[SoCoSA/discuss] OpenVPN? Or...?
Trevor Benson
tBenson at a-1networks.com
Thu May 18 15:44:02 PDT 2006
> -----Original Message-----
> From: discuss-bounces at socosa.org [mailto:discuss-bounces at socosa.org]
> Sent: Thursday, May 18, 2006 1:23 PM
> To: discuss at socosa.org
> Subject: [SoCoSA/discuss] OpenVPN? Or...?
>
> Hi, all...
>
> I've got a need for both remote-user (now) and remote-office (soon)
> connectivity, in a MS-Win-centric environment: the servers are mostly
> Win2K, 1 Win2003, 1-2 Mac's; the workstations are mostly Win2KPro, a
> few WinXP & Mac's. Nobody is yet running Linux, although there's
> Linux on the gateway router (nobody else has realized this -- to them,
> it's a proprietary appliance). Home-users will be running all sorts
> of OS'es, but again mostly MS-Win-centric.
>
> Before I got here, they had remote-access via single-modem dial-up
> (i.e. one user at a time, slowly); the gateway router also pre-dates
> my arrival.
>
> I'm looking at a VPN as likely the "best" solution (i.e. one solution
> for both problems), but thought I'd ask here if anyone had other
> opinions they'd care to share.
>
> Given a VPN, I'm inclined toward "OpenVPN":
> http://sourceforge.net/projects/openvpn
> http://openvpn.net/
> But again, I'm interested in others' opinions... Has anyone run this
> thing MS-only? Anything else they've liked (or disliked)?
>
>
> - Steve S.
Openswan is a fairly decent product. And there is a client to use just IPSEC for Windows, and Mac I believe has one as well that doesnt require L2TP.
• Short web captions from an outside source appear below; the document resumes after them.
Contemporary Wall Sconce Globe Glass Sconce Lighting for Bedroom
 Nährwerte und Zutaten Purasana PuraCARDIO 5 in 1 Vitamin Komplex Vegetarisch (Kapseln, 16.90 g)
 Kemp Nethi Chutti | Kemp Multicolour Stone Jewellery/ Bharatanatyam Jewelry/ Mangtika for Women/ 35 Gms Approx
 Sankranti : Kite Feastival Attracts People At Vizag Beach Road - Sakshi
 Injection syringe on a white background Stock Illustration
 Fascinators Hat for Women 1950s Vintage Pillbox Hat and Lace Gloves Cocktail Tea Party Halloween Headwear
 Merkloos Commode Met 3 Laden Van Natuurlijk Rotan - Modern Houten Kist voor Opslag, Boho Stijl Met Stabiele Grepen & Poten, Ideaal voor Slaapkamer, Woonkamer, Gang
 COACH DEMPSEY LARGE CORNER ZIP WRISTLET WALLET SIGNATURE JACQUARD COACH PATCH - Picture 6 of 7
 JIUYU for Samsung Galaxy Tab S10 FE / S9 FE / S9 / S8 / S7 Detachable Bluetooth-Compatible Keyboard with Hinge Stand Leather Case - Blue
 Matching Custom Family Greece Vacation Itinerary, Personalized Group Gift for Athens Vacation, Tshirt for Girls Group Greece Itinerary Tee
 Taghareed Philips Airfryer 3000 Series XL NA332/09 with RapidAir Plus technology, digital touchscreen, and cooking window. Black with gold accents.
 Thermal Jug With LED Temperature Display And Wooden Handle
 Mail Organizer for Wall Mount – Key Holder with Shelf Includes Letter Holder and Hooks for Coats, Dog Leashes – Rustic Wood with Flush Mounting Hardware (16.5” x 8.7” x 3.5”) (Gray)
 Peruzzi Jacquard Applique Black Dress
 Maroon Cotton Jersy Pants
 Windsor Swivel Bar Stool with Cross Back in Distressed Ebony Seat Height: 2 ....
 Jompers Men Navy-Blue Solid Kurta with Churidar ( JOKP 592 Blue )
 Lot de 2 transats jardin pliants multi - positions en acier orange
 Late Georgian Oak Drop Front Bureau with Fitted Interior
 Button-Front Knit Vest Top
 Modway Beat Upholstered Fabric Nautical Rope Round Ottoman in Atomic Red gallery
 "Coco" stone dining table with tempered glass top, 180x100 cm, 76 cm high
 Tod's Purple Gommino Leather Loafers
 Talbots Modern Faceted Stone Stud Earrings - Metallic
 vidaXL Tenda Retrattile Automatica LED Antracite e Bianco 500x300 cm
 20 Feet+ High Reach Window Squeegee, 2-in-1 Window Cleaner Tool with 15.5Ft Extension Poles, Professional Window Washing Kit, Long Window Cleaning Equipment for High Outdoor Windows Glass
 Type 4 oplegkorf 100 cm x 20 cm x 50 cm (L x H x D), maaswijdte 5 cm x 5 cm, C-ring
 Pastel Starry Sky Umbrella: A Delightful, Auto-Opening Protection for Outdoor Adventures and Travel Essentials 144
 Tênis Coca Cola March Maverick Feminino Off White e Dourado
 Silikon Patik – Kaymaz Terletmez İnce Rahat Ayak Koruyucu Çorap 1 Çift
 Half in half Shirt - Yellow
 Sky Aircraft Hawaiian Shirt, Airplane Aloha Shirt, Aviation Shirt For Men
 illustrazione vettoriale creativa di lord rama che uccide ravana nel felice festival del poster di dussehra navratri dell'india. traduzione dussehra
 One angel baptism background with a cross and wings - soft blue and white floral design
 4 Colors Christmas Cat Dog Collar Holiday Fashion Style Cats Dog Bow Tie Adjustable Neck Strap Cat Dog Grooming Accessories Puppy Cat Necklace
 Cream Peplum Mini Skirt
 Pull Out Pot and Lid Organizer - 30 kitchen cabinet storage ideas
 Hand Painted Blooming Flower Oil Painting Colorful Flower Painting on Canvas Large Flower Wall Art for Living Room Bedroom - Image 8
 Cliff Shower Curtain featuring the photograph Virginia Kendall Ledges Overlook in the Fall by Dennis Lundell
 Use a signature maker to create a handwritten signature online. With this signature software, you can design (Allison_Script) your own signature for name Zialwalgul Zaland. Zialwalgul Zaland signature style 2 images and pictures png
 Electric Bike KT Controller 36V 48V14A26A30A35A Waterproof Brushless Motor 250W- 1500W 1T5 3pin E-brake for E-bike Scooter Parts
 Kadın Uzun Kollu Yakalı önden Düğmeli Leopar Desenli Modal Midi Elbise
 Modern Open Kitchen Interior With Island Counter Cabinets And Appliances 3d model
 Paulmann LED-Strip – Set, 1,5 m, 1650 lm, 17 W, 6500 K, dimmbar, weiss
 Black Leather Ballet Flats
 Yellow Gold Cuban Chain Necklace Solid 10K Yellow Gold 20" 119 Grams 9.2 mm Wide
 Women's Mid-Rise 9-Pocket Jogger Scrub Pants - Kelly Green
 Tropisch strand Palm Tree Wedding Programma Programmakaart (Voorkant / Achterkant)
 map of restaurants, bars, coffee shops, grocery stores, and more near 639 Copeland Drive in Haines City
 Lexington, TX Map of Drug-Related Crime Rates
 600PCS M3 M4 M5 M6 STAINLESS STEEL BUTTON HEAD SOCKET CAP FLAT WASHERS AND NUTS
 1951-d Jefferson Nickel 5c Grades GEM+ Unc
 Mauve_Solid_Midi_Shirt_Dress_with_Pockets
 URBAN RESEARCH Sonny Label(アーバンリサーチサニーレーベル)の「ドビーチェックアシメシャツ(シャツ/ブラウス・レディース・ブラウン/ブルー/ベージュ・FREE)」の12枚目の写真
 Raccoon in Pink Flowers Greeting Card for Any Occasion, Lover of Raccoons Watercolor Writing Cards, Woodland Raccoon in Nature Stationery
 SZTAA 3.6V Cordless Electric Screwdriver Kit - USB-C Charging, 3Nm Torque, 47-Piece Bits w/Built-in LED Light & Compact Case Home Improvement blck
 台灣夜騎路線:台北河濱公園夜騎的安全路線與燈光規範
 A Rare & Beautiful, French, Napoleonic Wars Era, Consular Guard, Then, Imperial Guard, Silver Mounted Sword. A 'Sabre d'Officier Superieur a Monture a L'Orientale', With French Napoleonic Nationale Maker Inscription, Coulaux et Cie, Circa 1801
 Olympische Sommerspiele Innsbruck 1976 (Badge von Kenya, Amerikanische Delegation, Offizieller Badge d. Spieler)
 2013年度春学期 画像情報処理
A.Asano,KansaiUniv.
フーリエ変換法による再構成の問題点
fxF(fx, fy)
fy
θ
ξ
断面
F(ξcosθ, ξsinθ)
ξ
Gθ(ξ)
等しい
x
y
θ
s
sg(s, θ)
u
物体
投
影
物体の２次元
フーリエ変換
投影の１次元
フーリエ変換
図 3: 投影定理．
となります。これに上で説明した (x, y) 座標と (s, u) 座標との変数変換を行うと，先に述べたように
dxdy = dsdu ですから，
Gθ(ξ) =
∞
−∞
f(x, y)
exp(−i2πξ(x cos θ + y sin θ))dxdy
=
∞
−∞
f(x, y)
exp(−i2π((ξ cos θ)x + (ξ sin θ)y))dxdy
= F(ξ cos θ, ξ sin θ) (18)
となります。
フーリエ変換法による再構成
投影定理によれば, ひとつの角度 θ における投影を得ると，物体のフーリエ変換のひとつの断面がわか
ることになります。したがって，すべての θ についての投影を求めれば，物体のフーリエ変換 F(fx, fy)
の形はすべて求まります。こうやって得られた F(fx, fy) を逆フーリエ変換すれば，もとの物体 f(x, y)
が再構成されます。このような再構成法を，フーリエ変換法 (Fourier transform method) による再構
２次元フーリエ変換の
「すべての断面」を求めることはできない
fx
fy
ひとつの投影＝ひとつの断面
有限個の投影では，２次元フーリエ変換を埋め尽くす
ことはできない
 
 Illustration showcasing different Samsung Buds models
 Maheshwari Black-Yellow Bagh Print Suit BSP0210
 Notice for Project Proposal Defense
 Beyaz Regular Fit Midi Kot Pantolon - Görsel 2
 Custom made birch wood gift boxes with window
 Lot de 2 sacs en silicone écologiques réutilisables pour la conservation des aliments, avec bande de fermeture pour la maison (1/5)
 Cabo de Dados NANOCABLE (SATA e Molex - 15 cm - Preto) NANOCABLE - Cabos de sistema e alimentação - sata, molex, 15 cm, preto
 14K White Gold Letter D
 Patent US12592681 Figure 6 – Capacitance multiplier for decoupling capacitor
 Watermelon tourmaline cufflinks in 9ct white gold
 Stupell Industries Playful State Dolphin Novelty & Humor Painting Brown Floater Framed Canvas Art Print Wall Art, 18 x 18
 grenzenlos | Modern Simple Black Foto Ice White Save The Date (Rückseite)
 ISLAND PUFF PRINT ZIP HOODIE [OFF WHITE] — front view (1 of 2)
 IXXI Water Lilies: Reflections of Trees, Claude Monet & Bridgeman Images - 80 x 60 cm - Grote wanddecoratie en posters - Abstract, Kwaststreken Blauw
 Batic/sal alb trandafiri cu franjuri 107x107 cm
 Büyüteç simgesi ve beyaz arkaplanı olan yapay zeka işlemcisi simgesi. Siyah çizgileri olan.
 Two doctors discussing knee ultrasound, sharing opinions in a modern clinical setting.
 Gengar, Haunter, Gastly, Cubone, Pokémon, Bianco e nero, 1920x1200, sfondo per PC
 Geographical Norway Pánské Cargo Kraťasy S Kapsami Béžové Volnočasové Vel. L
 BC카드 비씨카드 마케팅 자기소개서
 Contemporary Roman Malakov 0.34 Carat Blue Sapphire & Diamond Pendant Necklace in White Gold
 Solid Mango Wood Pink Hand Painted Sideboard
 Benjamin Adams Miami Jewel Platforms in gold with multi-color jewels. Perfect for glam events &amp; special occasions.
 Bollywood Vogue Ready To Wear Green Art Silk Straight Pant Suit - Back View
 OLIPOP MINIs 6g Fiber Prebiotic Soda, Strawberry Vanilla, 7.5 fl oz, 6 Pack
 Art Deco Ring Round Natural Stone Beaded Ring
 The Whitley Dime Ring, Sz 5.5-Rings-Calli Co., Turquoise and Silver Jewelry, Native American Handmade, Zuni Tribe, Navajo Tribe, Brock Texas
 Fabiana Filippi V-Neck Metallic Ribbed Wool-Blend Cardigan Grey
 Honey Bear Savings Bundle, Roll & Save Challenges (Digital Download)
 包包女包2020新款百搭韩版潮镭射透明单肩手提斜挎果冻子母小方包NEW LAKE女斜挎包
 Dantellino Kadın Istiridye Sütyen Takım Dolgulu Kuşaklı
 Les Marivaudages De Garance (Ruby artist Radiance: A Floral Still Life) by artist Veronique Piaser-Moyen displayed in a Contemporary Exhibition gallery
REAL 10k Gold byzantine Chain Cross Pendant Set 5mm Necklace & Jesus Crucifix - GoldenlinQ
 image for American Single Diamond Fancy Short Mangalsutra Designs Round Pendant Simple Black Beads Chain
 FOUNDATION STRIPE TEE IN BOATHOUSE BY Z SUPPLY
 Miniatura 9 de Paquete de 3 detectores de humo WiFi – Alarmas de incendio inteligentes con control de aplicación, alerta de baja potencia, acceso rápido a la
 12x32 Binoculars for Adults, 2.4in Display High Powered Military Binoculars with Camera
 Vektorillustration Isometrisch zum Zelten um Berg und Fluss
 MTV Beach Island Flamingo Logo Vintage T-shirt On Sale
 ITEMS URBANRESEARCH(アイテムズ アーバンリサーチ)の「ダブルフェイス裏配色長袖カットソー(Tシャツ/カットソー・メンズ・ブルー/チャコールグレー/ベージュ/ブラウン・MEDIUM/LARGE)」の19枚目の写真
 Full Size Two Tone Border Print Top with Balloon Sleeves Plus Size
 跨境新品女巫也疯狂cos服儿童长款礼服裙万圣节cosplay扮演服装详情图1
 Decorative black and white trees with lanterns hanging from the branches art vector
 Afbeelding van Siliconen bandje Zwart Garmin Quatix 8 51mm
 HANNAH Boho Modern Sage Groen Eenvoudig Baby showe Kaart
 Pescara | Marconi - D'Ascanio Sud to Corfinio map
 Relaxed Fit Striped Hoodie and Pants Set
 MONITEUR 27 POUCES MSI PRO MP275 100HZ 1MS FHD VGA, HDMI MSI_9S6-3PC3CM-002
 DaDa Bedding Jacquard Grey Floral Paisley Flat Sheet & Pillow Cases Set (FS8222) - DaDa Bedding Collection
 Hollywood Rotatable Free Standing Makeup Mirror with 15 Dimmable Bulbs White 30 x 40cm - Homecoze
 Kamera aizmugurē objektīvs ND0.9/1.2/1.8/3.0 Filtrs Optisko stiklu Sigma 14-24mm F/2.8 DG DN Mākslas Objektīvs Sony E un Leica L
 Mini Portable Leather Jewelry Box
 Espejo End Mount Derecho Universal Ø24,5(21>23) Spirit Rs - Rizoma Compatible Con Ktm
FYI: WinXP/2k boxes work much better on domains when they have L2TP (or PPTP) because they will be assigned a local address. Without configuring DNS settings or WINS then you probably want the VPN client to be a standalone system (not joined to the domain) and accessing resources on the network via IP. Otherwise I think your going to run into headaches without providing WINS and DNS when the tunnel gets initiated.